Draft legislation on the right to refuse foreign investors the exercise of buyback options

A bill providing for restrictions on foreign companies returning to the Russian market in terms of exercising buyback options was approved in the second parliamentary session. The BIRCH team has analyzed the potential changes and their impact on foreign companies’ return to the Russian market.

On 22 May 2025, the State Duma Committee on Property Issues approved for consideration a bill in the second parliamentary session providing for restrictions on the buyback option rights of foreign companies returning to the Russian market. If several conditions are simultaneously met, the current property owner has the right to unilaterally refuse to fulfill the obligations on allowing an ’unfriendly foreigner’ to repurchase the asset.

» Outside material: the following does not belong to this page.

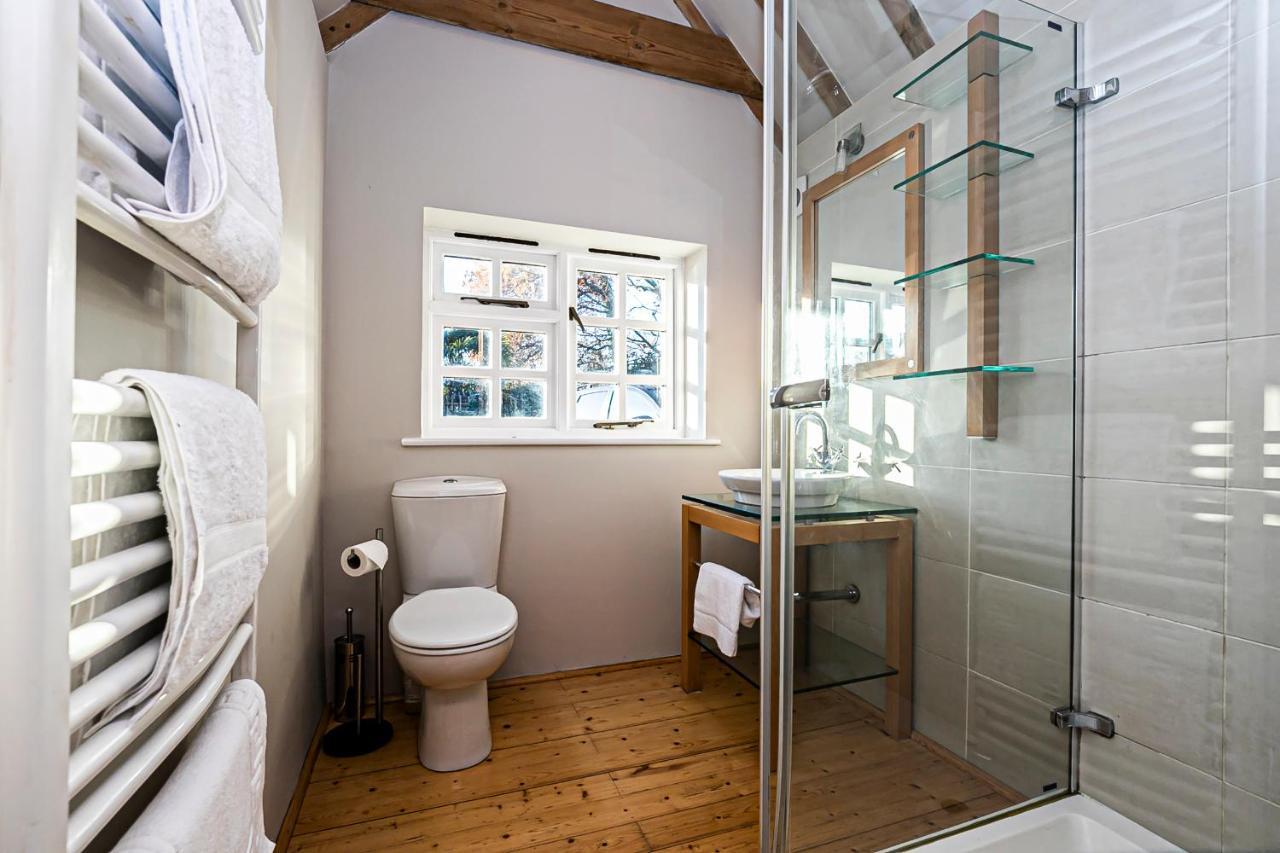Pages Hotel And Guesthouse Harlow Esterno foto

It also provides investors with the opportunity to demand compensation for such rejection of the exercise of the buyback option within 1 year after the refusal to accept, but even in this case the amount of compensation may be reduced or left unpaid under certain circumstances. The relevant agencies and state authorities may prohibit the exercise of concluded options as well if the company or group of persons to which it belongs has a significant impact on the socio-economic development of Russia.

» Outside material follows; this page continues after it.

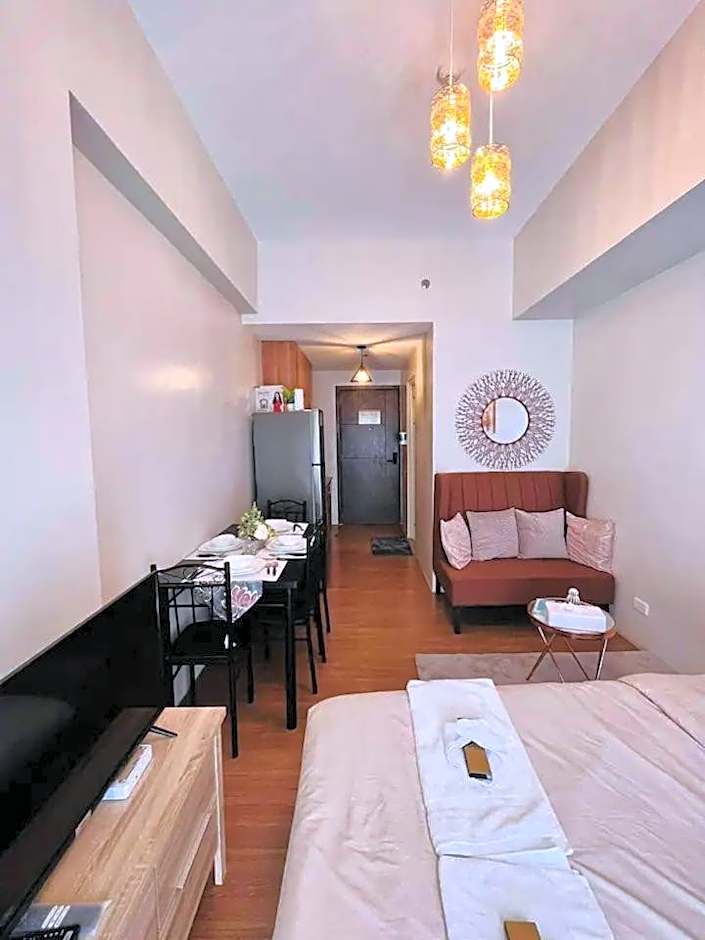 Serenity Stay Condo at 19th floor The Loop Tower Limketkai Center Lucky 19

The third reading of the bill has not yet been scheduled, but it is expected that the State Duma will consider it in June. We will monitor the status of the bill and provide updates on the criteria for the return of foreign companies to Russia.

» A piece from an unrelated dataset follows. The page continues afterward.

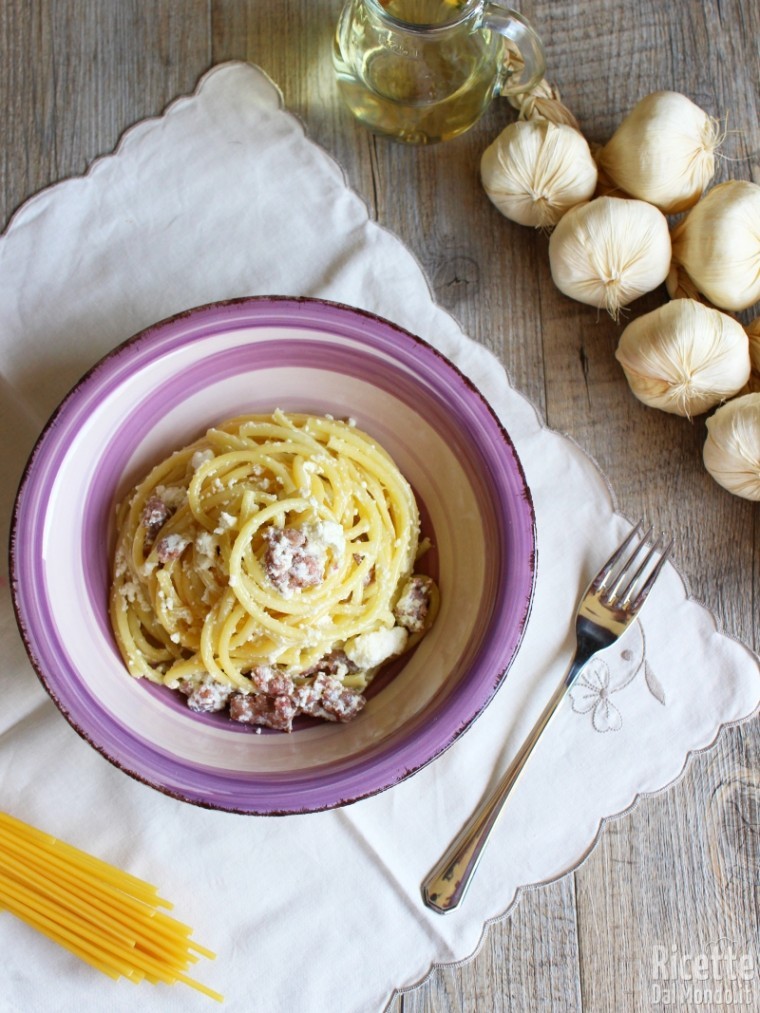 Come fare i bucatini con ricotta e salsiccia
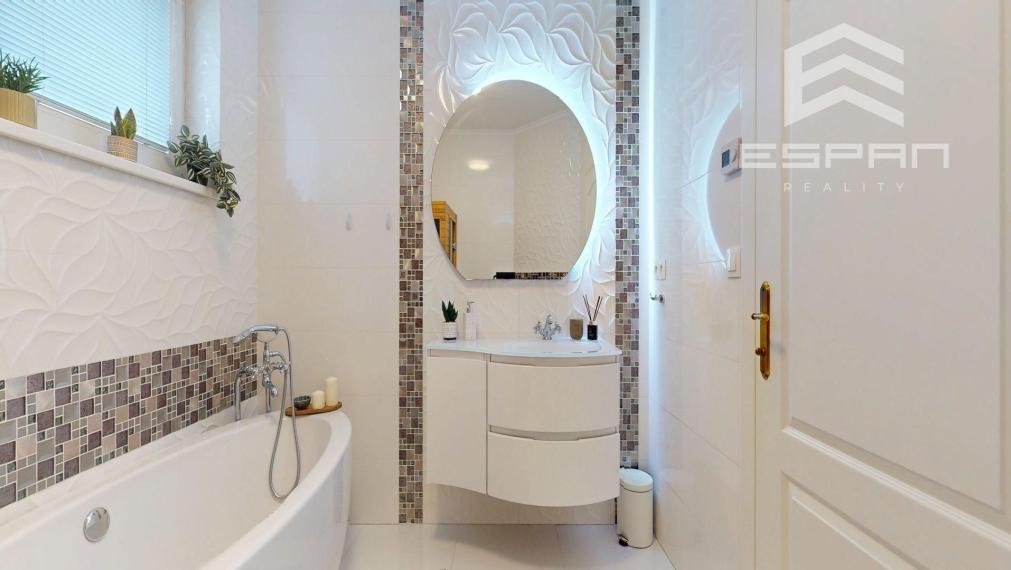 Nadštandardne vybavaný rodinný dom s bazénom v obci Kostolište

Criteria and rules for denying the buyback option

The bill proposes to limit the ability of foreign companies that have sold their businesses in the Russian Federation to exercise the buyback option. The new owner has the right to deny foreign investors the option to buy back assets if the following conditions are met:

  1. Status. The foreign company and (or) a person affiliated with it are associated with ”unfriendly” states
  2. Period. The transaction for the sale of the business was completed in the period from 24 February 2022 to 1 March 2025
  3. Discount. The business was sold at a significant discount compared to the assessment of its market value, and the parties entered into an option to repurchase shares/interests in the Russian company on pre-agreed terms for a period of 3 years or more
  4. Term. At least 2 years have passed since the date of conclusion of the agreement on the alienation of shares/interests
  5. Good faith. The Russian company continues to duly fulfill its obligations to employees and creditors

Compensation

It is assumed that if the new owners deny the foreign investors the exercise of the buyback option, the foreign investors are entitled to demand compensation in connection with the termination of the relevant right within 1 year from the receipt of the refusal. However, the payment of compensation may be refused or its amount may be proportionately reduced if a foreign party or its affiliate has engaged in bad-faith actions toward the company (including evasion of shareholder/member rights and obligations, blocking decision-making processes, or otherwise obstructing the company's normal operations).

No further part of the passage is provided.